• _Required action_
Please copy exactly the lines from the one containing "195 Lori Lane, Canton, GA 30114" to the end of the entries, both included, and nothing else. Omit every picture.

Brief descriptive captions

- Opening Delimiter -

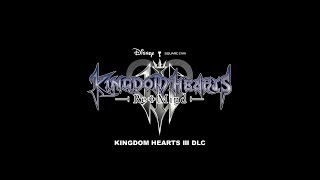 [E3 2019] Этой зимой Kingdom Hearts 3 получит новое дополнение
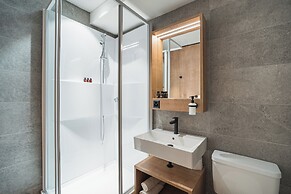 Hotel Brocco & Posta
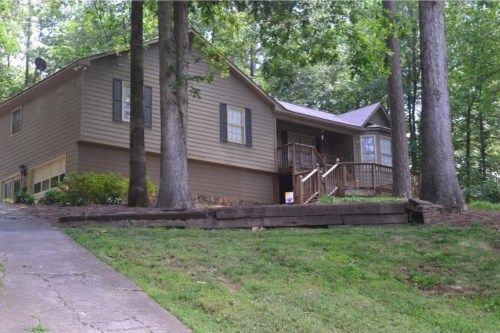 195 Lori Lane, Canton, GA 30114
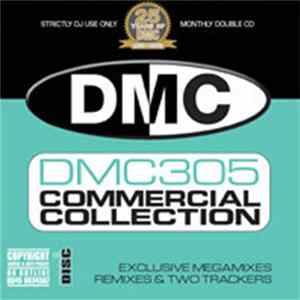 Various - Commercial Collection 305 FLAC album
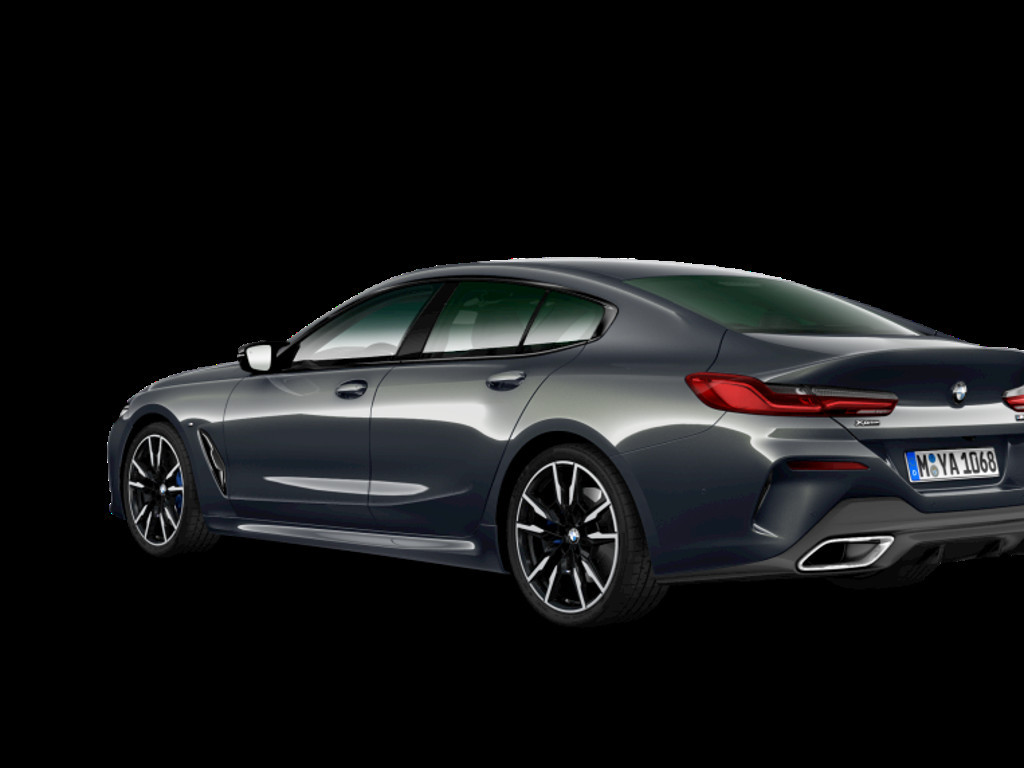 BMW M850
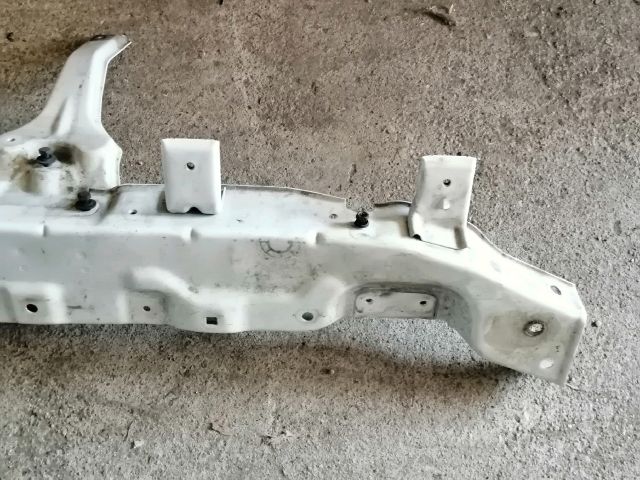 bontott SSANGYONG MUSSO Homlokfal (Üres lemez)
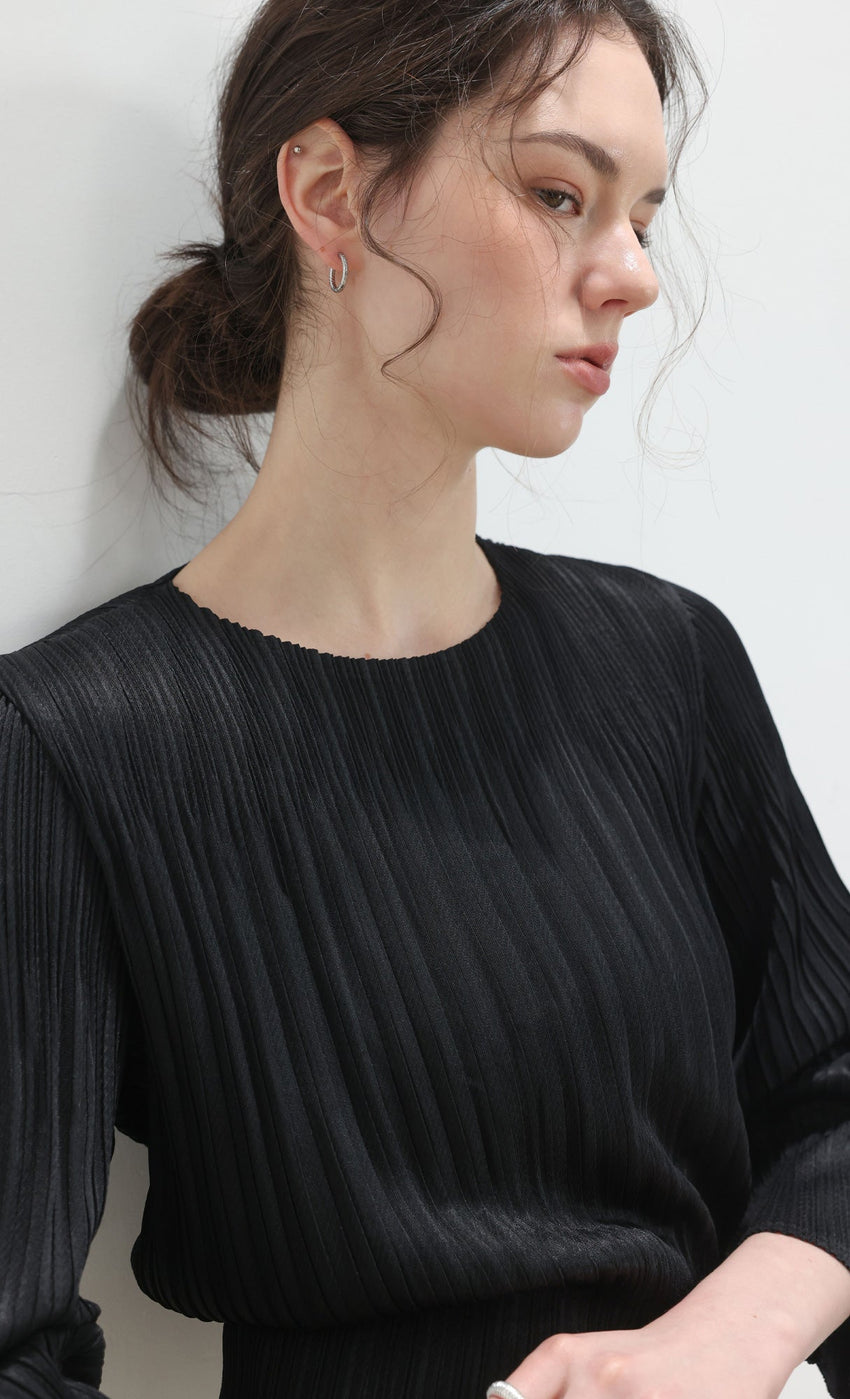 Free Size — Fit For XS - L / Black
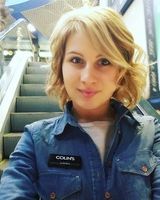 Елена Рудницкая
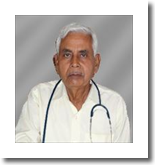 Dr Lalta Prasad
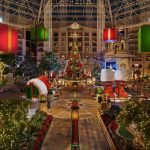 Gaylord Texan Resort & Convention Center (c) Grapevine CVB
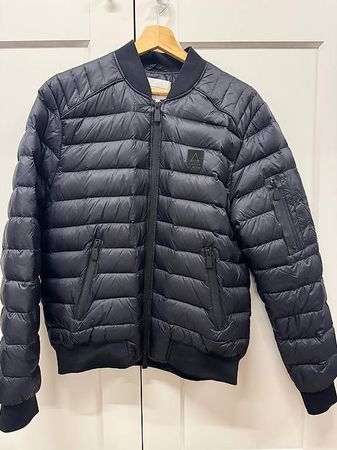 Black bomber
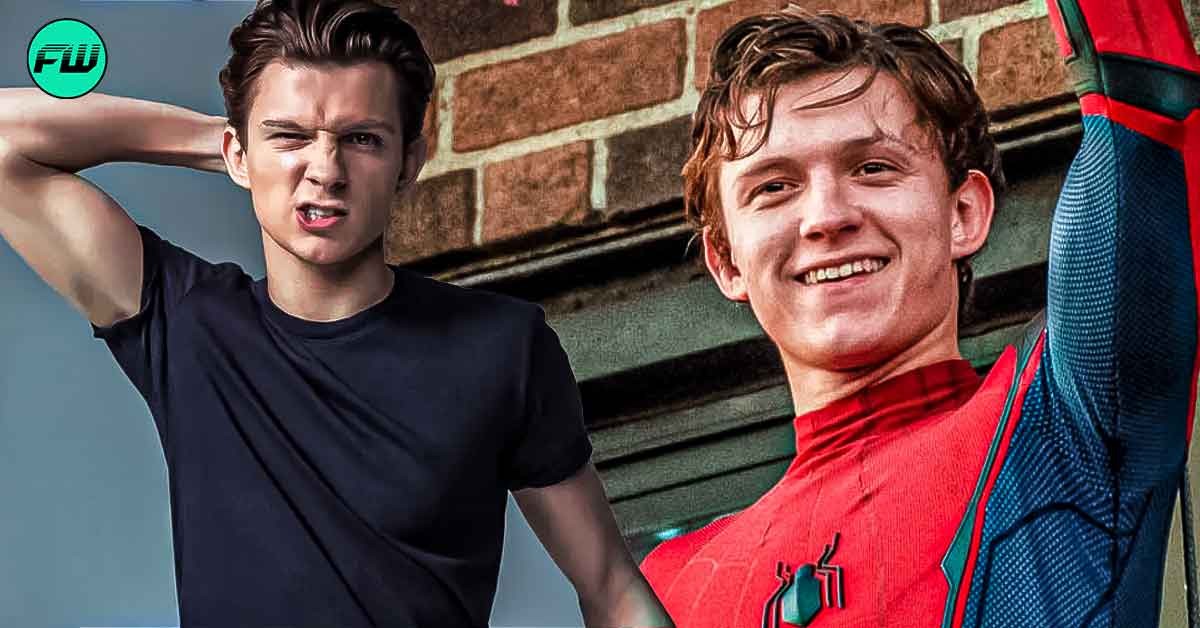 "If it's time for me to walk away I'll do so": Tom Holland Won't Hesitate to Retire From $3.9B Spider-Man Franchise If Marvel Studios Decide to Cast Someone Else to Make the Character More Diverse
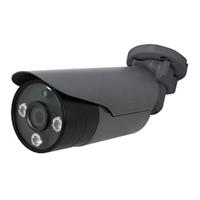 DI-WAY 4Mpx IP venkovní IR Bullet kamera 1520P,  3,6 mm, 3x Array, 40m, POE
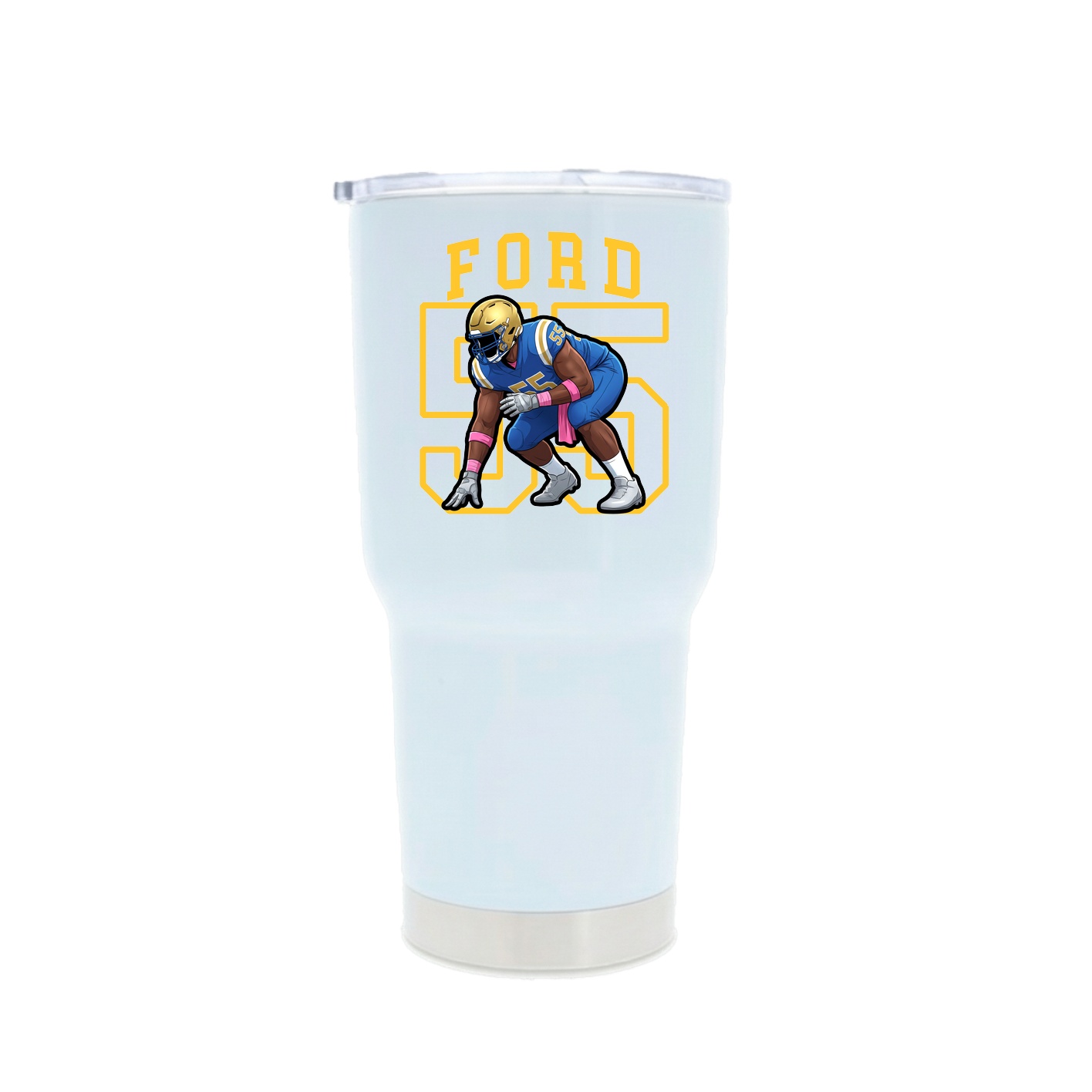 30oz Stainless Steel Tumbler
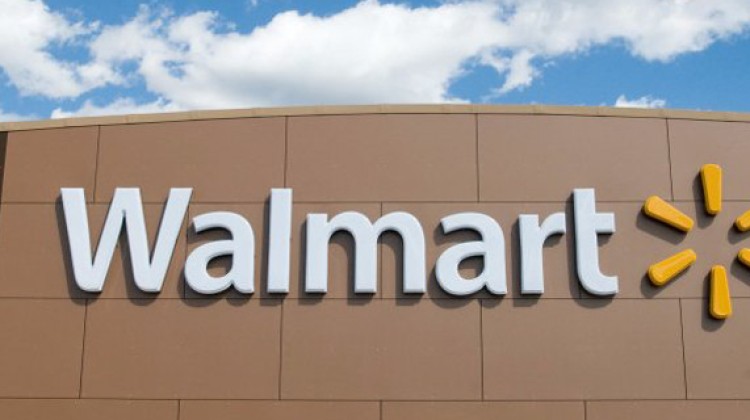 Walmart has record-setting fourth quarter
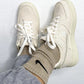 BL - AF1 x Stussy Joint Beige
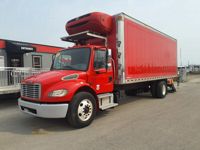 2019 Freightliner M2 106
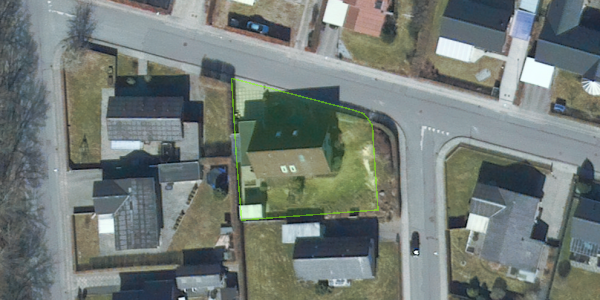 Matrikelkort Fynsgade 41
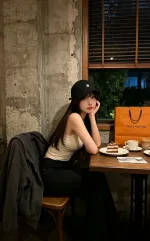 台中外送茶-愛奈-F罩杯-全套約炮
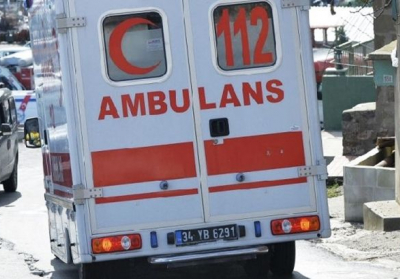 В Турции более 730 военных госпитализированы из-за пищевого отравления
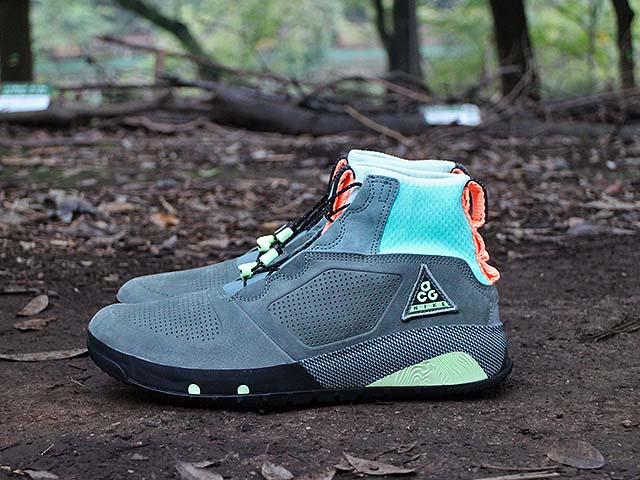 ACG RUCKEL RIDGE “CLAY GREEN”01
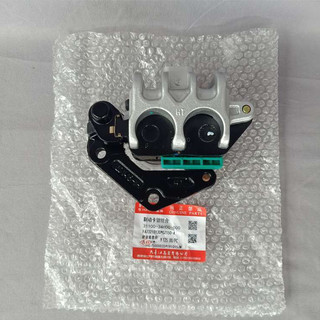 Heo Phanh Trước Suzuki Gz150a
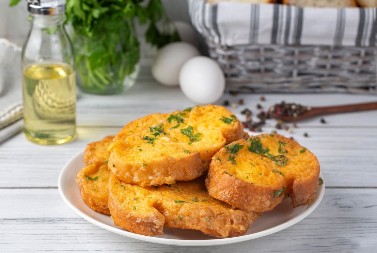 Recept za prženice bez jaja: Ukus im je potpuno isti, brže se prave i svi ih obožavaju!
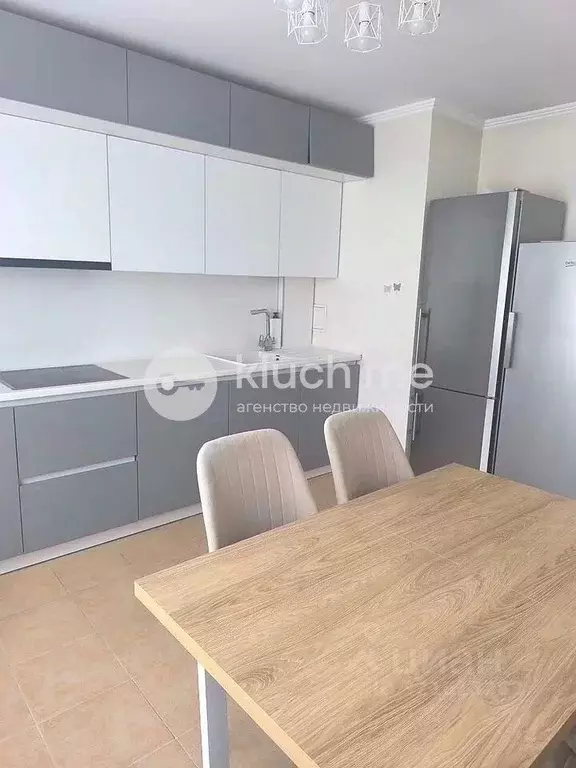 2-к кв. Татарстан, Казань Курская ул., 27 (65.0 м) - Фото 2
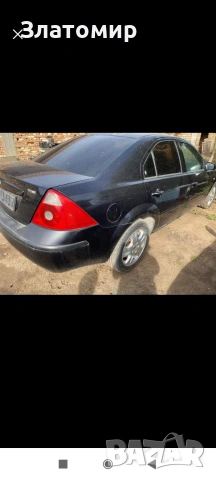 Ford-mondeo, снимка 2 - Части - 54984999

- Closing Delimiter -

• _Your response_
 195 Lori Lane, Canton, GA 30114
 Various - Commercial Collection 305 FLAC album
 BMW M850
 bontott SSANGYONG MUSSO Homlokfal (Üres lemez)
 Free Size — Fit For XS - L / Black
 Елена Рудницкая
 Dr Lalta Prasad
 Gaylord Texan Resort & Convention Center (c) Grapevine CVB
 Black bomber
 "If it's time for me to walk away I'll do so": Tom Holland Won't Hesitate to Retire From $3.9B Spider-Man Franchise If Marvel Studios Decide to Cast Someone Else to Make the Character More Diverse
 DI-WAY 4Mpx IP venkovní IR Bullet kamera 1520P,  3,6 mm, 3x Array, 40m, POE
 30oz Stainless Steel Tumbler
 Walmart has record-setting fourth quarter
 BL - AF1 x Stussy Joint Beige
 2019 Freightliner M2 106
 Matrikelkort Fynsgade 41
 台中外送茶-愛奈-F罩杯-全套約炮
 В Турции более 730 военных госпитализированы из-за пищевого отравления
 ACG RUCKEL RIDGE “CLAY GREEN”01
 Heo Phanh Trước Suzuki Gz150a
 Recept za prženice bez jaja: Ukus im je potpuno isti, brže se prave i svi ih obožavaju!
 2-к кв. Татарстан, Казань Курская ул., 27 (65.0 м) - Фото 2
 Ford-mondeo, снимка 2 - Части - 54984999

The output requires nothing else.